Background

Idiopathic pulmonary fibrosis (IPF) is a chronic progressive lung disease of unknown etiology. IPF causes progressive scar tissue which gets worse over time resulting in acute dyspnea [1, 2]. Alveolar epithelial injury in IPF leads to fibroproliferation, myofibroblast differentiation and excessive collagen and extracellular matrix deposition, causing impairment of gas exchange, respiratory failure and death [3].

The prevalence of IPF is 14–27.9 and 1.25–23.4 cases per 100,000 population in the USA and Europe, respectively [4]. The attributable risk of IPF-related morbidity and mortality is associated with aging and occurs more among males than female [1, 4]. Several risk factors are involved in the IPF pathogenesis such as; smoking, high body mass index, toxins (inhaled) and infectious disease [3]. More recently, numerous studies have demonstrated the role of viruses and bacteria in the pathogenesis of IPF. It has been shown that patients with IPF have an increased bacterial load in bronchoalveolar lavage (BAL) fluid compared to healthy people or chronic obstructive pulmonary disease (COPD) patients [5,6,7,8]. Furthermore, various viruses and bacteria has been studied in the pathogenesis of IPF, including Respiratory syncytial virus (RSV), Parainfluenza virus (PIV), Rhinovirus, Coronavirus, Cytomegalovirus (CMV), Influenza virus, Strepococcus, Haemophillus and Neisseria [6, 9,10,11]. It has been reported that inflammation plays a critical role in genesis and progression of IPF in both human and murine models, indicating that viral and bacterial infections can be led to chronic infection and inflammation that maybe are the cause of IPF [12, 13].

Although several studies have been conducted to determine the prevalence of viral and bacterial infection in the IPF patients, the association between IPF pathogenesis and viral/bacterial infection remains the subject of ongoing investigation. This meta-analysis study investigates the prevalence of viral and bacterial infections in the IPF patients and any possible association between these infections with pathogenesis of IPF.

Methods

Search strategies

In this meta-analysis, a systematic search was conducted for previous studies relevant (2020) reliable databases, ISI Web of Science, PubMed, and Scopus. Literature searches were carried out by using the following keywords “Idiopathic pulmonary fibrosis”, “Infection”, “Bacterial Infection” and “Viral Infection”, alone or combined together with the Boolean operators "OR”, “AND” and “NOT” in the Title/Abstract/Keywords field. It should be noted that unpublished studies were not included, and duplicate ones were removed. Our literature searches were conducted by three reviewers independently and the search results were compared to prevent having missing data. Also, we screened citations of collected papers to identify additional eligible studies.

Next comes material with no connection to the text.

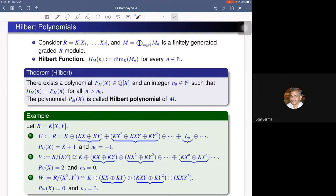This polynomial is called the Hilbert polynomial of M. In general we don't know what the postulation number is, but once we know it we can compute the Hilbert polynomial. Castelnuovo-Mumford regularity gives a bound for the postulation number, and hence helps us to compute the Hilbert polynomial.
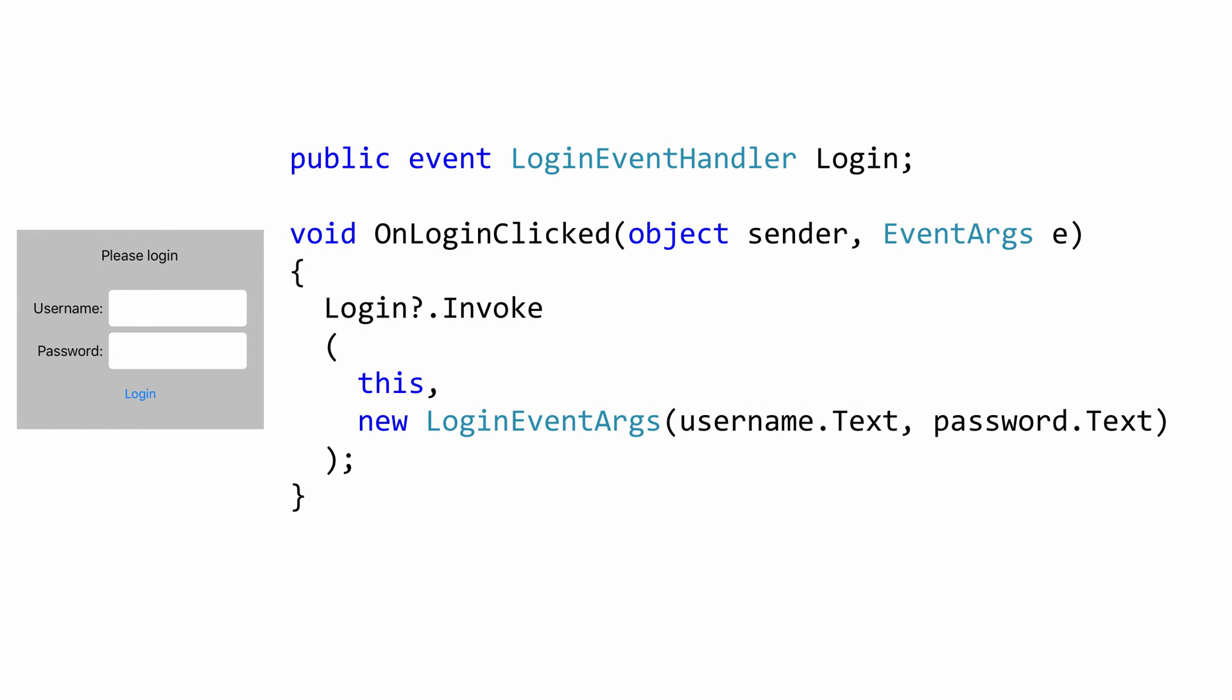The other interesting bit is the login button. We have a click handler installed on that button. When the user clicks the button, we raise our own event. And we pass the username and password along to the client.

Titles, abstracts and keywords field of all papers were screened, and unrelated studies were excluded to increase of specificity in the search results. This study was registered in PROSPRO (ID: 170736).

Inclusion and exclusion criteria

The inclusion criteria for eligible publications were defined as: all research that

  • Published: 1990 to 2020.

  • Reporting the presence of viral or/and bacterial infections [previous (colonization) and/or new infection] in IPF patients.

  • Conducting valid laboratory techniques such as: molecular technique, culture, and serology.

  • Selecting the proper sampling method including: NPS, OPS, Sputum, Serum, Blood, BAL and Lung Biopsy.

The exclusion criteria: all research that

  • Providing incomplete data or failed presented data clearly.

  • Animal models-based research.

  • Had other infectious agents.

  • Overlapping subjects, time, and place of sample collection.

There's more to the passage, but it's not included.